01/05/2026
Working with Kate. Tonight. Just finished our nightly leash work.
As Kate is a SDiT and will continue to work toward being a full, real, Service Dog. I will continue to describe some basic aspects of her training for that purpose.
Tonight, what we worked on was something besides the outward aspect of leash work in positioning, movement, speed, etc. That is the obvious physical “look” of what we are doing.
What we worked, and continue to do so, is as follows:
Heel left
Heel right
Heel center (while moving)
Position static left
Position static right
Postition static center
Position static left, right, center - sit
Movement speed, slow, normal pace, fast walk pace, easy run
Turn left, right, left around (180), right around
Turn from left heel, right heel, center heel
Stop
Stop/auto sit
Stop back up
Head - nose up: nose down (almot tracking position)

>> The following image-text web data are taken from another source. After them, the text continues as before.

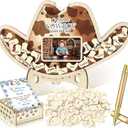 Wenqik 63 Pcs Cowboy Baby Shower Guest Book Alternatives Set Baby Shower Decorations with Photo Frame Sonogram Frame Keepsake 60 Wood Slices Guest Book for Birthday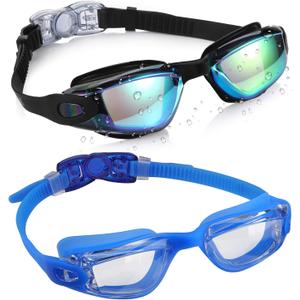 Aegend Kids Swim Goggles, Pack of 2 Swimming Goggles for Children Boys & Girls Age 3-14 (Aqua & Clear Blue)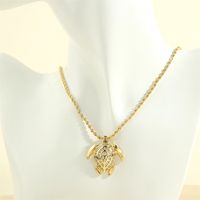 Simple Style Tortoise Copper 18k Gold Plated Zircon Pendant Necklace In Bulk main image 5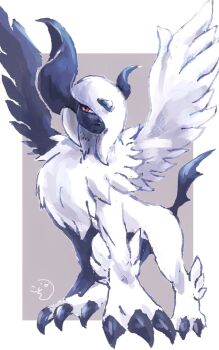 Rule 34 | absol, animal focus, asymmetrical horns, body fur, border, claws, closed mouth, commentary, feathered wings, full body, gen 3 pokemon, grey background, highres, horns, kosokoso 002, looking at viewer, mega absol, mega pokemon, neck fur, nintendo, no humans, one eye covered, pokemon, pokemon (creature), pokemon focus, red eyes, simple background, solo, standing, symbol-only commentary, uneven horns, white background, white border, white fur, white wings, wings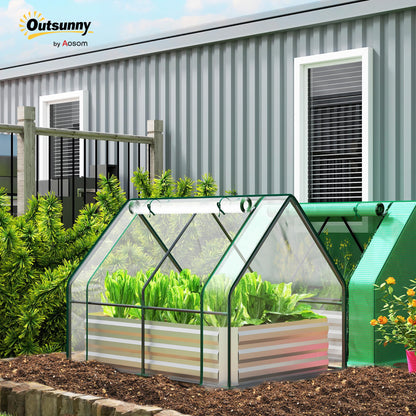 Outsunny 4 x 3 x 3ft Raised Garden Bed with Mini Greenhouse, Galvanized Raised Garden Bed with Cover for Herbs and Vegetables, Small Greenhouse for Patio Garden Balcony, Clear and Gray
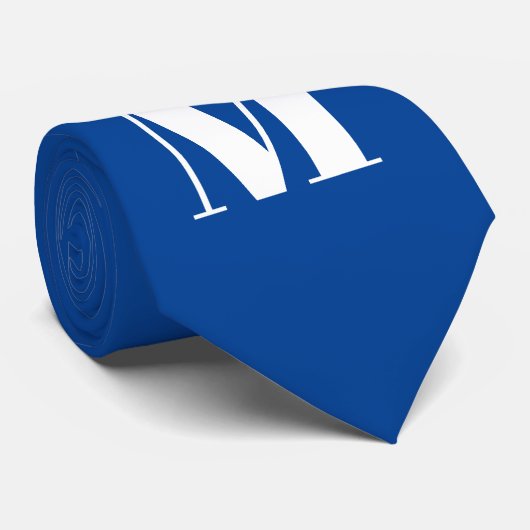 深いブルーイニシャルレターモノグラムモダンスタイリッシュ ネクタイ (ロール)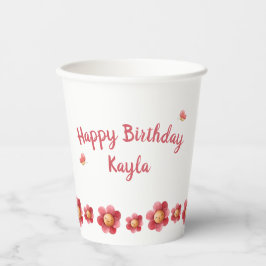 Vasos De Papel Cumpleaños del Chica personalizado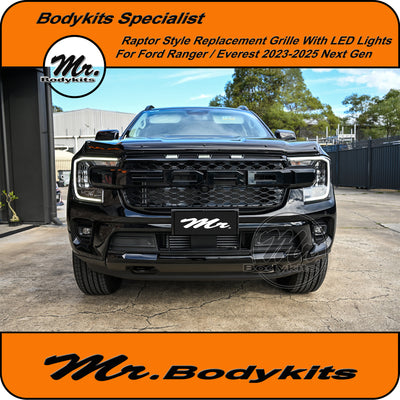 Ford Ranger/Everest 2022-2025 Raptor Style Grille With LED Lights, Gloss Black Painted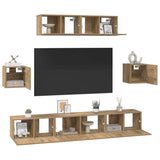 Set mobile TV 7 pcs Rovere artigianale Legno truciolato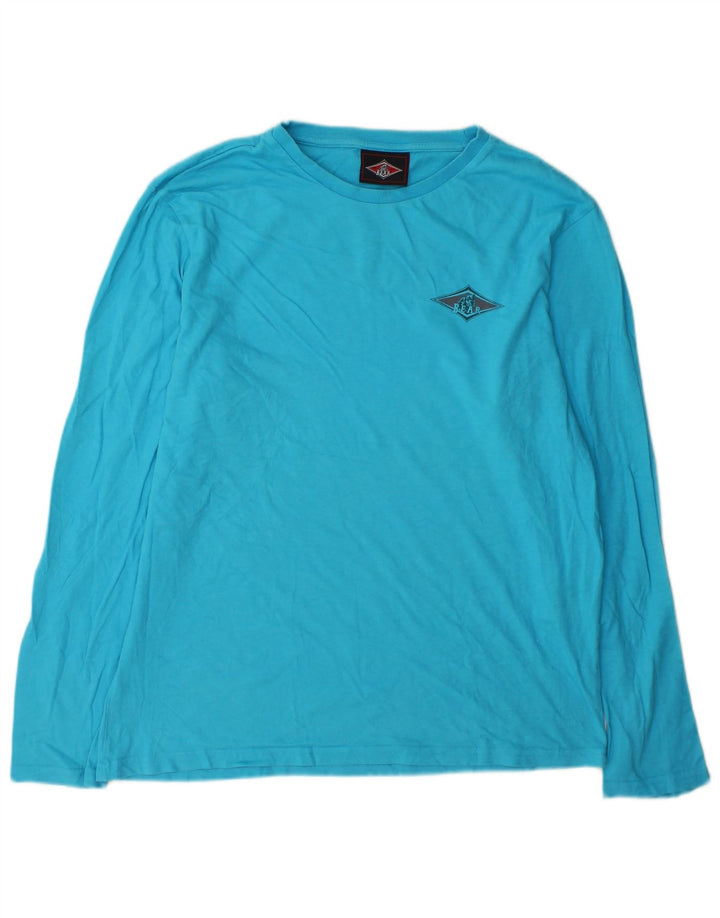 Bear Herren-Oberteil mit Grafik, langärmelig, groß, aus blauer Baumwolle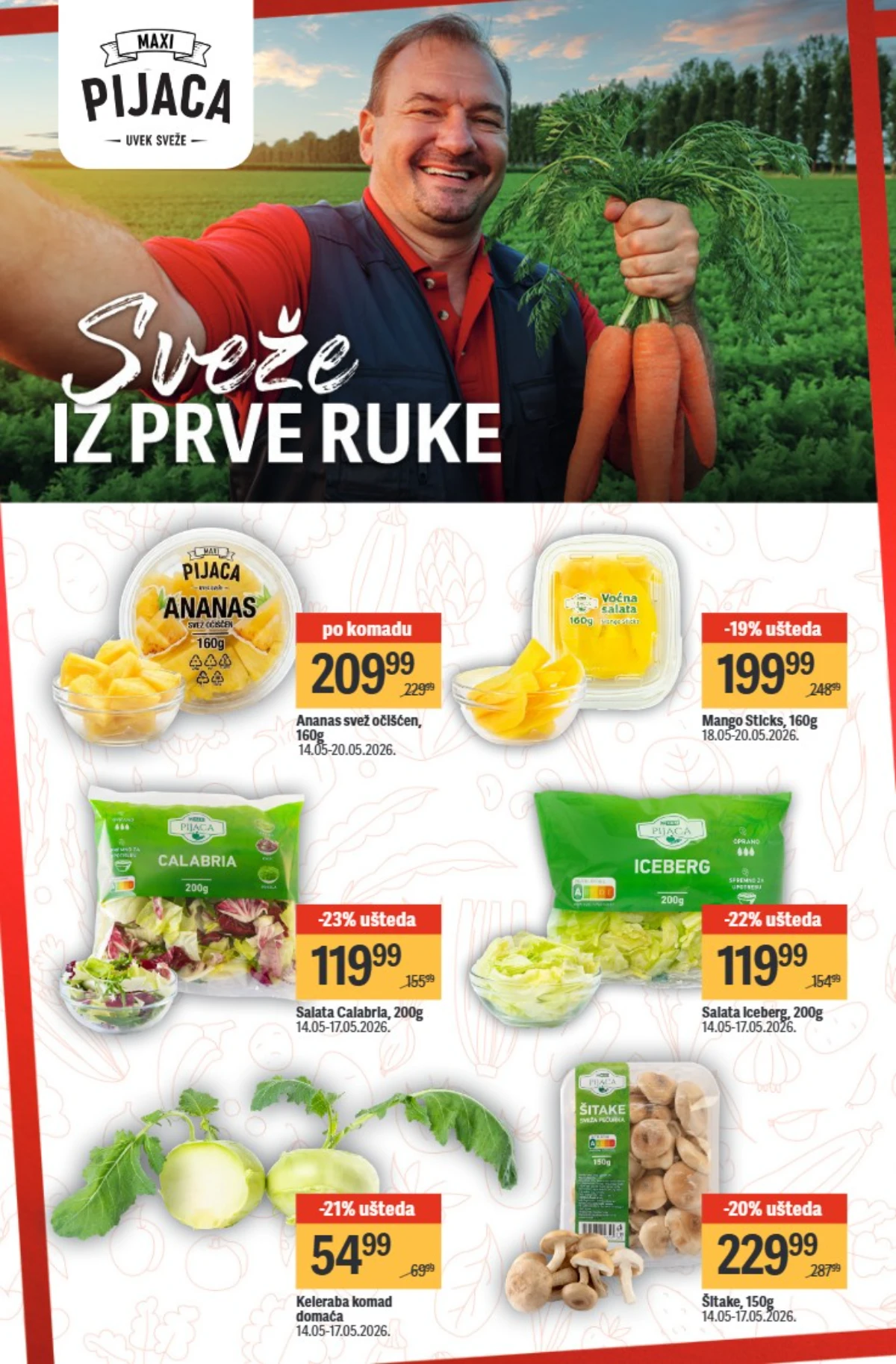 Maxi pijaca katalog 14–17.05.2026 – ananas, salata i keleraba po akcijskim cenama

Head planted against my leg as we are moving.
Sit - me complete walk around without her moving. Also sit and me moving then asking her to position herself right, left or center wherever I stop
And more.
You might wonder, why all of these aspects and positions? Because we will need all of these aspects working in the real world of a Service Dog. Positioning in crowded locations requires all of these aspects. And more.

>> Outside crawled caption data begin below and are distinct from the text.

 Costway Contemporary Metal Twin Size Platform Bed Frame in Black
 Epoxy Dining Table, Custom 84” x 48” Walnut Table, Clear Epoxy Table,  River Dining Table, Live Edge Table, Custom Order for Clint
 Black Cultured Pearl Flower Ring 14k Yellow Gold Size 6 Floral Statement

But there are two more important aspects than just these: while working these: 1: Are you enjoying it (that is, how do YOU present it)? 2: how well do you transition and recover from position, movement, environment change, etc.? That is the key. Does this dog enjoy doing it, does this dog want more of it, and how well does this recover from a novel event?
Resilience is talked about in terms of several aspects, but working in resilience, novel recovery, novel challenge enjoyment is the goal.